Slow Productivity, Cal Newport
Finished January 24, 2026. Rating 6/7
Newport offers an antidote to pseudoproductivity through three principles—do fewer things, work at a natural pace, obsess over quality—arguing that sustainable, meaningful work requires rejecting constant busyness. The advice is genuinely helpful even if it underestimates survivorship bias and overestimates how much agency most workers actually have.
Paul: A Biography, N. T. Wright
Finished January 12, 2026. Rating 6/7
Wright's biography rescues Paul from caricature and presents him as a relentless, brash church-planter who created radically egalitarian communities—and reading it made me feel less alone in wondering whether all my work is worth it.

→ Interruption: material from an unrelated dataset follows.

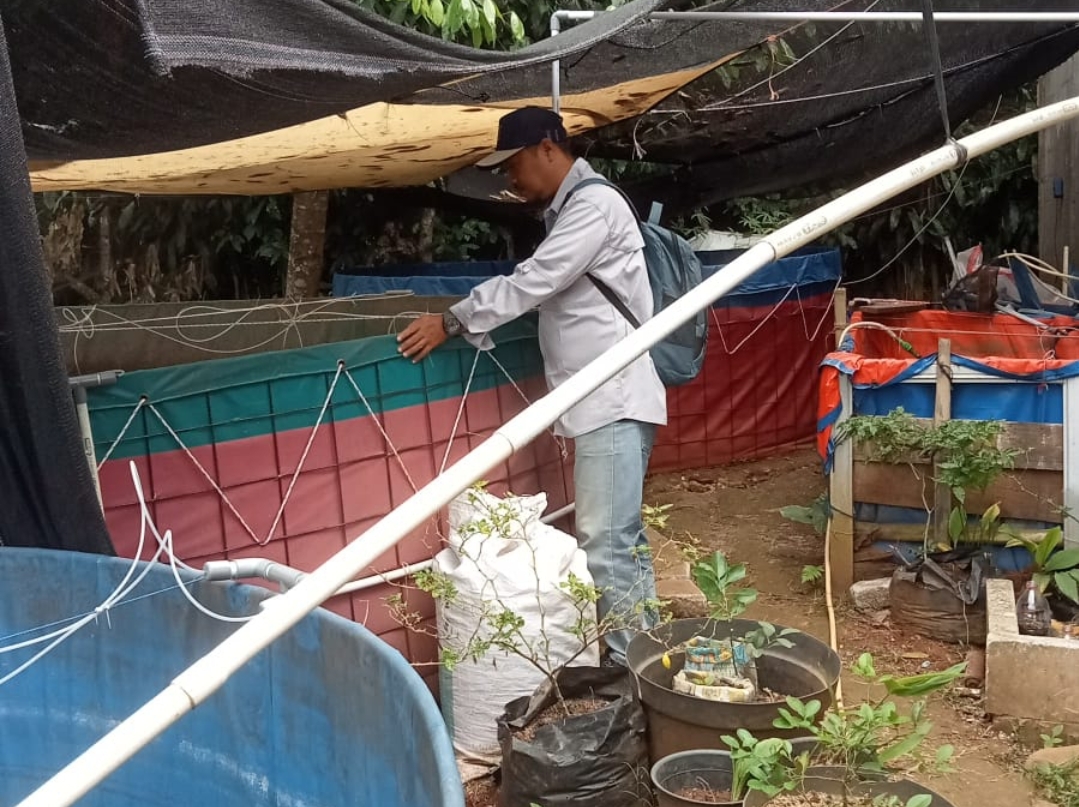 Penyuluh Perikanan Swadaya melakukan pendampingan kolam bioflok di Kecamatan Jonggol, Bogor.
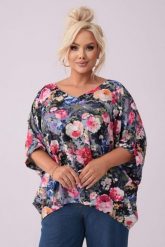 Kimonowa bluzka GABA w wielokolorowy print kwiatów PLUS SIZE XXL LATO. Bluzki Moda Size Plus Iwanek, plus size, bez wzorów, z elastanu, eleganckie, z asymetrycznym kołnierzem, plus size, bez ramiączek. W wyprzedaży za 119.90 zł.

Renewing the Christian Mind, Dallas Willard
Finished January 9, 2026. Rating 6/7
Willard's emphasis on transformation over transaction remains valuable, but his individualistic framework doesn't adequately address systemic evil or the political implications of the kingdom.
Among Others, Jo Walton
Finished December 28, 2025. Rating 5/7
A slow, journal-style coming-of-age story about a disabled Welsh teenager processing grief through science fiction and magic that resonated with my own experience of having a mentally ill mother and believing in magic as escape before learning to accept life and grow up.